WHAT THE EXERCISE ASKS: Could you transcribe every record below exactly, leaving out the pictures?

[Image-text web data]
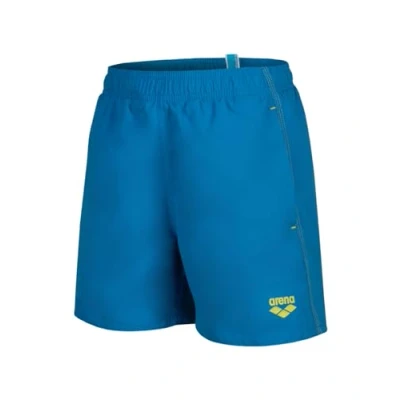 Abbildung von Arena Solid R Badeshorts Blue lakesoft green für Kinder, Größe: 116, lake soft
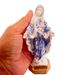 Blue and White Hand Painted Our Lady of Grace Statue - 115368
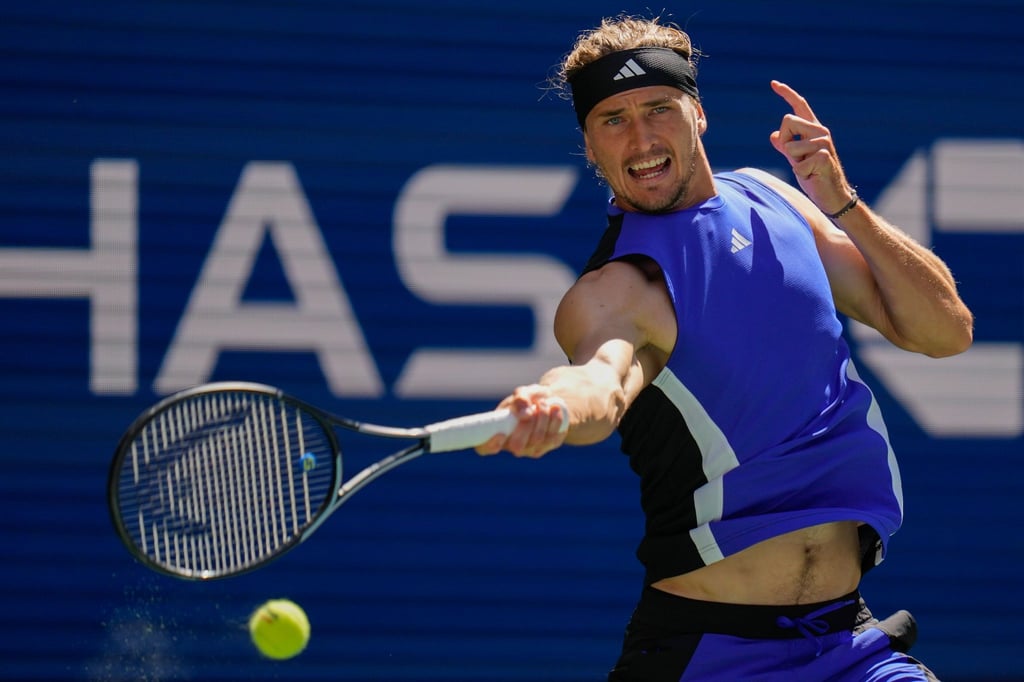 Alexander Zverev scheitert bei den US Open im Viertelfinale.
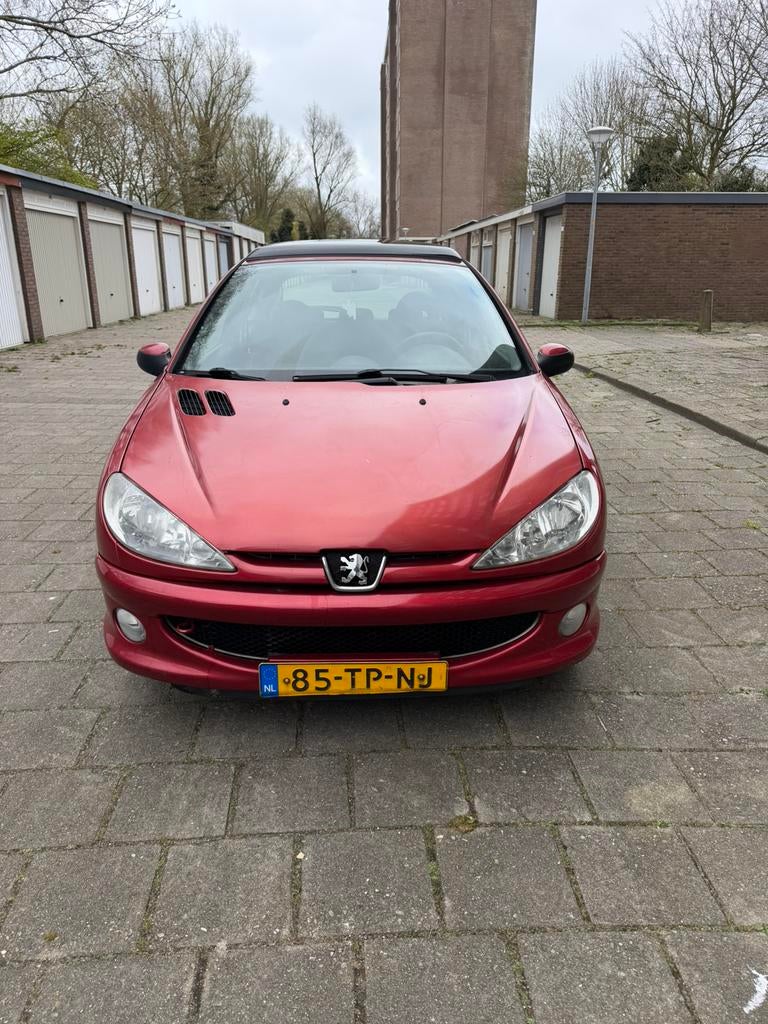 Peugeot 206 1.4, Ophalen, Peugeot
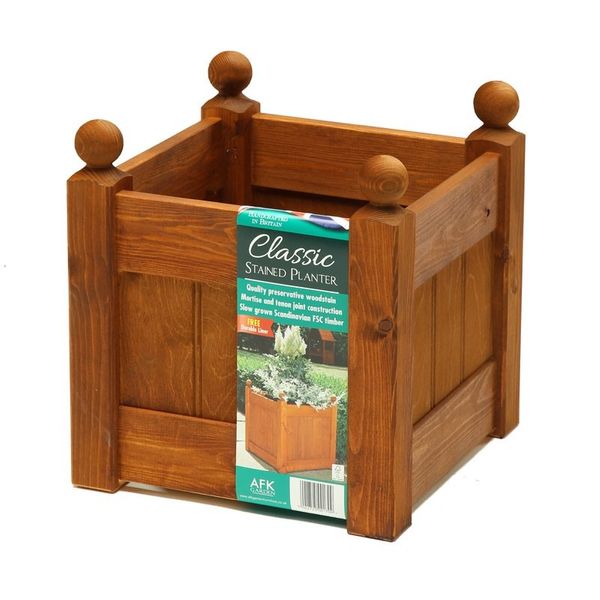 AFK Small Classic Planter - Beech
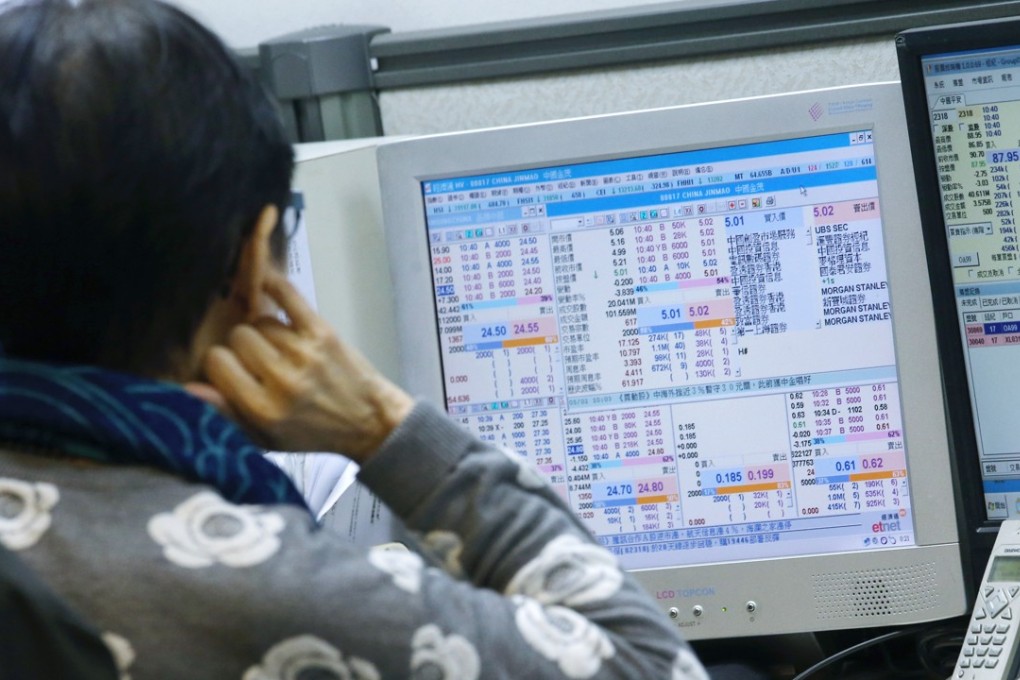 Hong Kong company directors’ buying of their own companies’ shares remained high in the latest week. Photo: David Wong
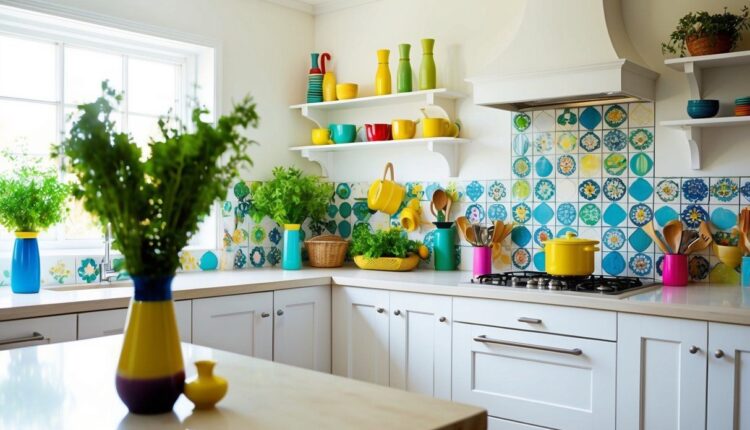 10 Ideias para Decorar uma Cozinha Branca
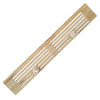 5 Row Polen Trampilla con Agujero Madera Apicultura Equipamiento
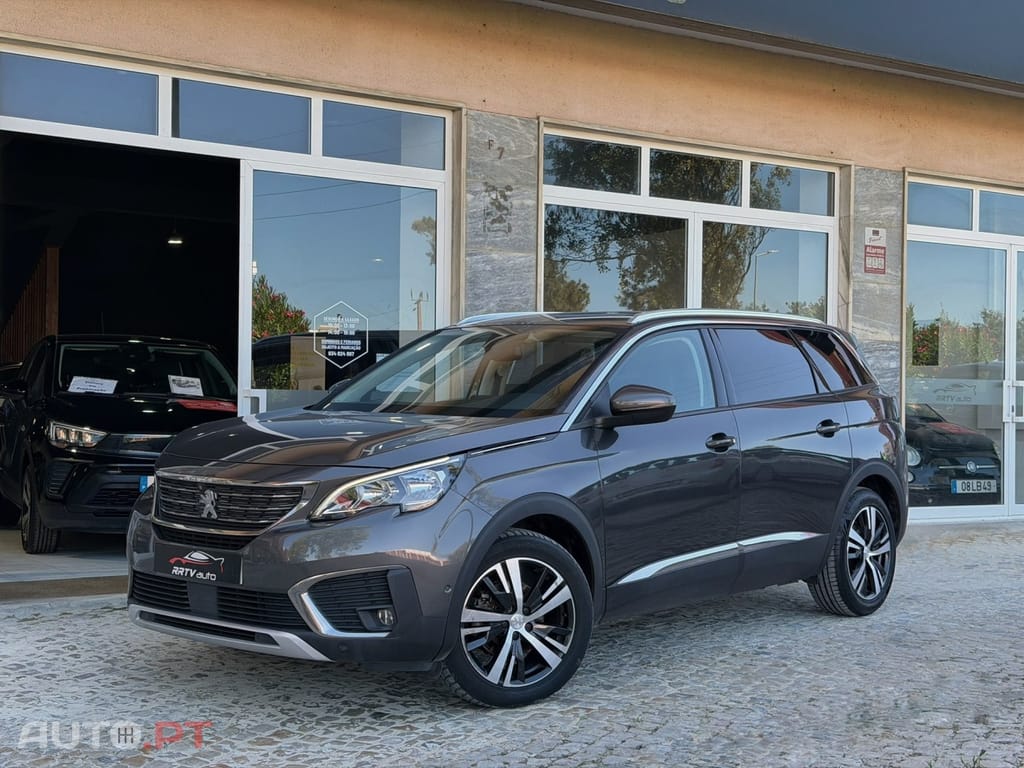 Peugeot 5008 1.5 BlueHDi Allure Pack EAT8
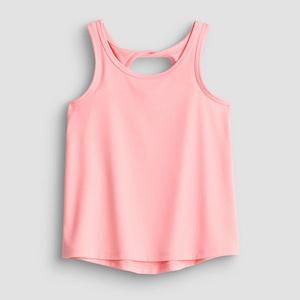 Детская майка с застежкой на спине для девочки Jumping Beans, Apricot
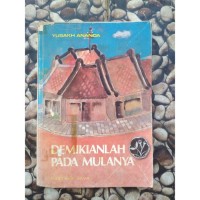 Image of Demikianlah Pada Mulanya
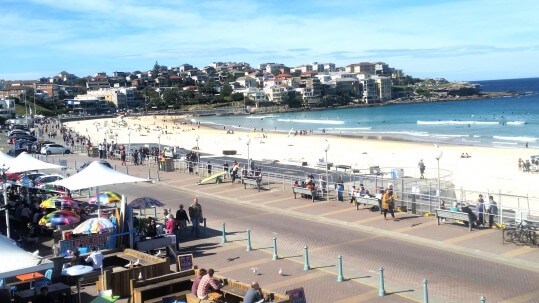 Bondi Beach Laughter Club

ANSWER BOX:
 Abbildung von Arena Solid R Badeshorts Blue lakesoft green für Kinder, Größe: 116, lake soft
 Blue and White Hand Painted Our Lady of Grace Statue - 115368
 Alexander Zverev scheitert bei den US Open im Viertelfinale.
 Peugeot 206 1.4, Ophalen, Peugeot
 AFK Small Classic Planter - Beech
 Hong Kong company directors’ buying of their own companies’ shares remained high in the latest week. Photo: David Wong
 10 Ideias para Decorar uma Cozinha Branca
 5 Row Polen Trampilla con Agujero Madera Apicultura Equipamiento
 Peugeot 5008 1.5 BlueHDi Allure Pack EAT8
 Детская майка с застежкой на спине для девочки Jumping Beans, Apricot
 Image of Demikianlah Pada Mulanya
 Bondi Beach Laughter Club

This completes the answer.